Поэзия Е. Завершневой не только дает такому подсознательному голос (воистину «я в доме из чистого золота слов»), но и поэтически преосуществляет саму его природу. Это не глубинное архаическое, а пропущенное через современность (в частности, катаклизмы Второй мировой войны) повседневное. Именно повседневное, обыденное, лежащее на поверхности, мимолетное, скоротечное. Но повседневное, потерявшее свой привычный абрис, лишенное примет времени (от него остались только обломки знаков, культурно-временных кодов), потонувшее в воде и свете.
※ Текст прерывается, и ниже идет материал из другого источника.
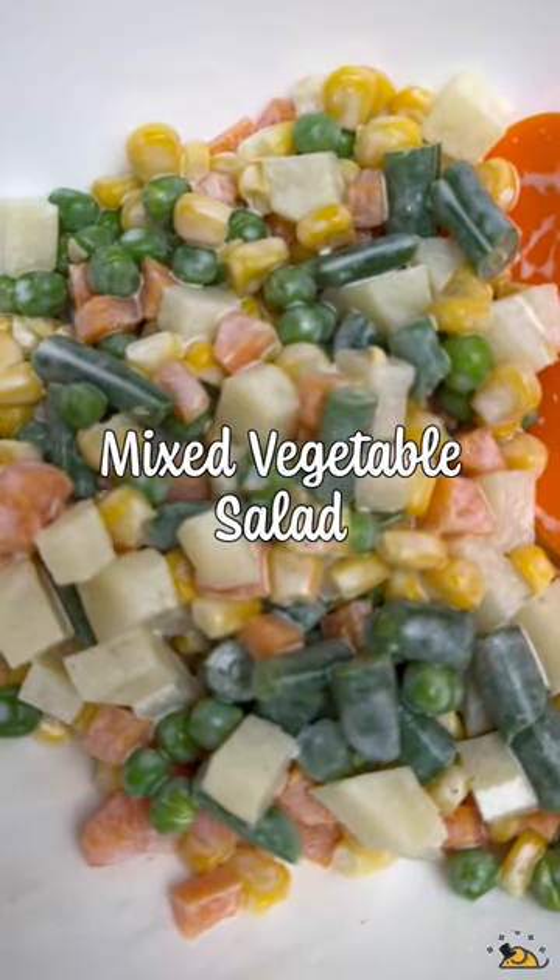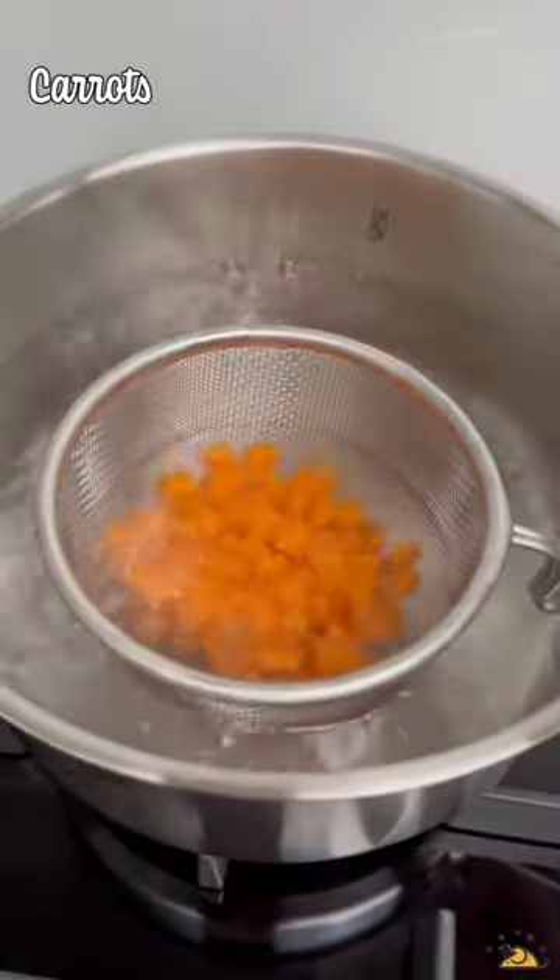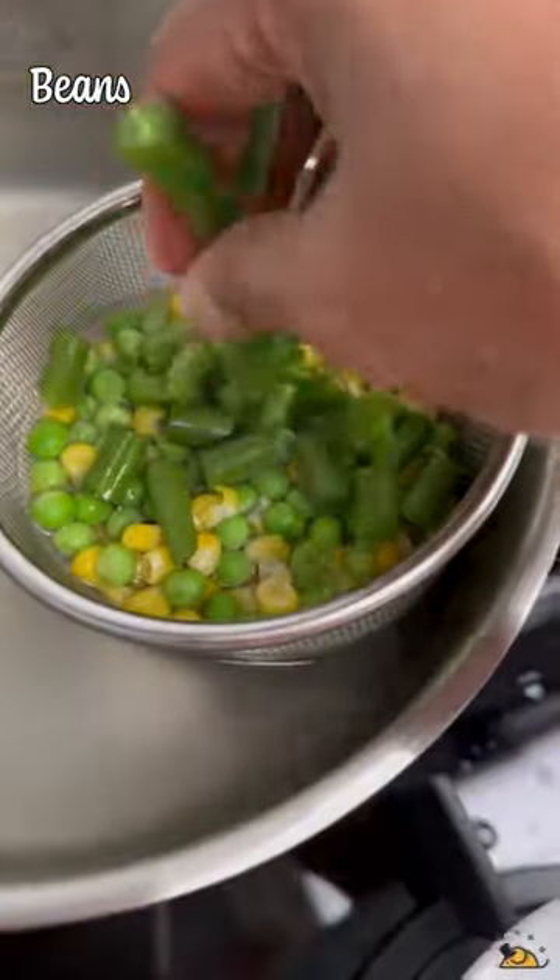This mixed vegetable salad takes me back to my childhood KFC days. I blanch some carrots, dunk them into a bowl of ice water. I do the same with some diced potatoes, some peas and corn, and some beans.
И понять, почувствовать, пережить это иное – поднятое с глубоководья, омытое светонаполненностью - подсознательное в нас как наше повседневное – во многом дело будущего для читателя:

Моя постель, слоистая слюда,
Вода опять дошла до края дамбы,
Она войдет в артерии и ямбы,
Овраги и морские города.

Глубойкий сон, прозрачная рука,
Сплетенье вен и солнечная сфера,
И фосфор, и бесформенная сера,
И сердца разветвленная река.

Плечо земли, ключицы-острова,
Подводное мерцанье миокарда,
И черные стрекозы Леонардо
В развалинах у крепостного рва.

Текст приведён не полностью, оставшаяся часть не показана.